Should have been titled Pictorial History, not Atlas. Dec 11, 2003
We couldn't wait to order this book when we read about its release. How disappointed we were when we began to read it.
Silly us; we had expected maps in an atlas.
We didn't realize that this was a picture book. There is text, too, and it is informative. Many people are unaware of the eastern European origins of the Celts, or of their unique cultural contributions to later culture.The photos are beautiful. One can learn much about Celtic History from this book; however,if you are expecting a book of maps, you might be disappointed.
Well written & beautifully illustrated atlas Sep 26, 2002
This is a beautifully illustrated and well-written book on the Celts. In addition to the text, there are many illustrations and photos of Celtic art throughout the book. I found it hard to put down once I started, and I ended up reading the entire 180-page atlas in a couple of sessions of a few hours each. Well written articles accompany each map section, and as I mentioned, there are dozens of beautiful photos and illustrations, especially of the many striking pieces of Celtic art and jewelry.

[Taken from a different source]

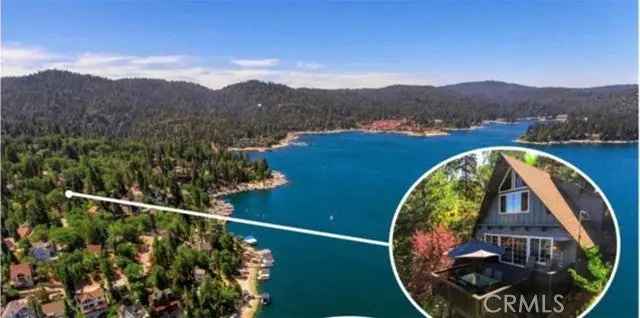 Single-family house For Sale in Lake Arrowhead, California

The author does a fine job of covering the history, showing how important the Celts were to history for 1600 years, and how their influence is even still being felt today. At one time the Celtic world stretched all the way from Scotland to part of the middle east.
Until I read this book, I didn't know how far south their influence went. I already knew about their influence in Great Britain. But the number of mighty civilizations the Celts met and defeated as they expanded southward is almost ridiculous as they went around marauding in their own inimitable way. For example, they successively fought and defeated the Thracians, then the redoubtable Macedonions twice, then the Greeks at Thermopylae, the Etruscans in Italy, as well as the entire Iberian peninsula, and finally, even further south, fought and defeated the Syrian army. For a while there was an important Gallic settlement in Anatolia. Half of Hannibal's army consisted of Celtic mercenaries, and Celtic mercenaries were even hired by the Pharaohs of Egypt.
Konstam points out that one of the reasons for the Celts' superiority in battle was their stronger and more efficient iron weapons, compared to their opponents, who were still using Bronze Age weapons and materials.
The book is organized into two-page spreads, as is typical of atlases of this type, with an article and its accompanying map, photos, or illustrations covering each two-page section. In addition to that, the book is organized into a number of different chapters or sections, covering the major historical periods; the major archeologically distinct phases, such as the Unetice, Tumulus, Urnfield, Halstatt, and La Tene cultures; Celtic religion; Celtic myths and legends; Celtic art; the Celtic warrior and his beliefs and weapons; and the Roman battles and conquests. Also, there is a chapter on the different Celtic tribes and peoples, including separate articles on the Scots, Picts, Gauls, Welch, Cornish, Irish, Galatians, and Celtiberians. Finally, there is an article on the Celtic revival and how Celtic influence is still being felt today in art and religion.
Overall a very interesting, well-written, and beautifully written history and atlas of this important people.